**Excerpted data**:
==============================

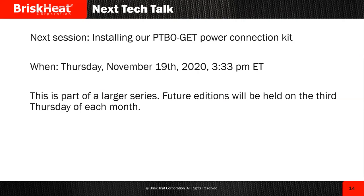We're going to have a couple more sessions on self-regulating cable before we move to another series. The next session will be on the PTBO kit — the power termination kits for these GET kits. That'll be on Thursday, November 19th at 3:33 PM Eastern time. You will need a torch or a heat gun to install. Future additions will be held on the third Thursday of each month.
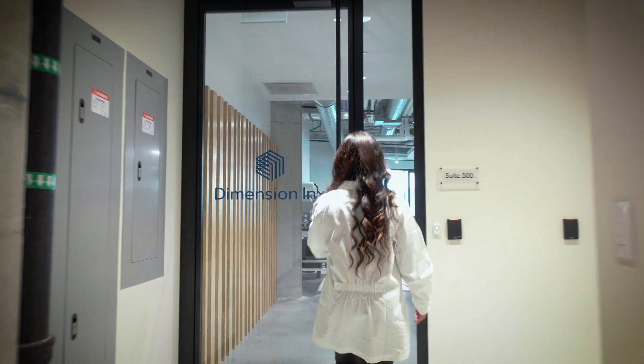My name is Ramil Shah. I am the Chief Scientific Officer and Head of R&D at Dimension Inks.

==============================

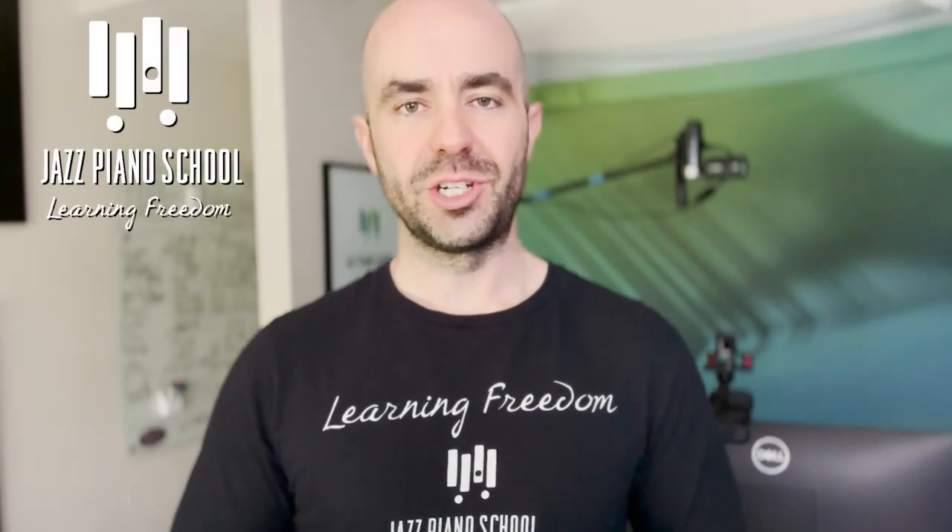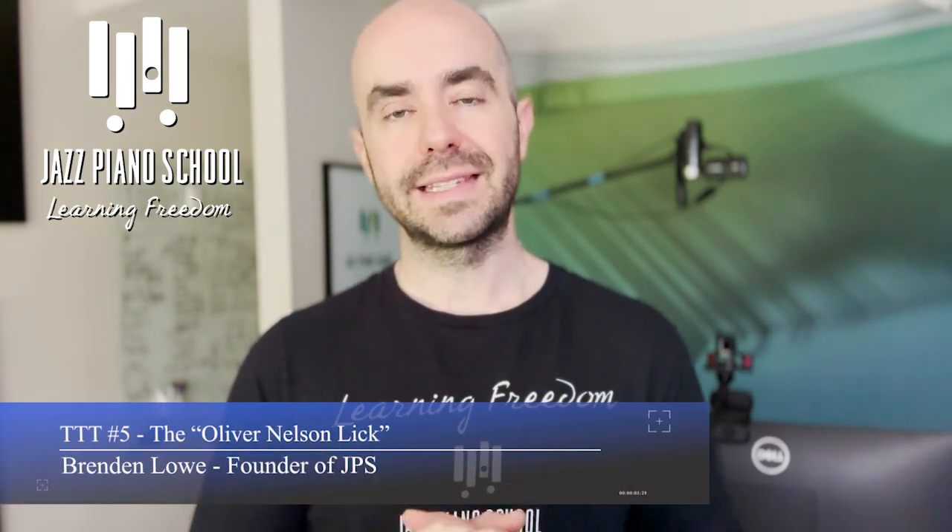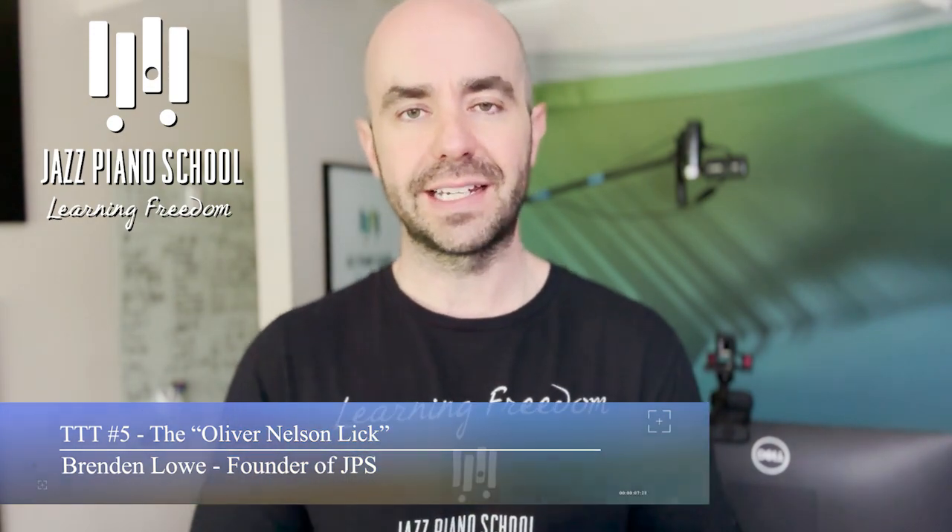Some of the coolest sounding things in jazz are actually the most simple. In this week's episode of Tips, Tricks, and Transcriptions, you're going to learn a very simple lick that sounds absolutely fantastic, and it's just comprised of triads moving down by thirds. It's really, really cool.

==============================

**What the exercise asks**: Using the data above, return the lines from the one holding "We're going to" through the one holding "My name is Ramil" exactly, but not the pictures.

**Your response**:
We're going to have a couple more sessions on self-regulating cable before we move to another series. The next session will be on the PTBO kit — the power termination kits for these GET kits. That'll be on Thursday, November 19th at 3:33 PM Eastern time. You will need a torch or a heat gun to install. Future additions will be held on the third Thursday of each month.
My name is Ramil Shah. I am the Chief Scientific Officer and Head of R&D at Dimension Inks.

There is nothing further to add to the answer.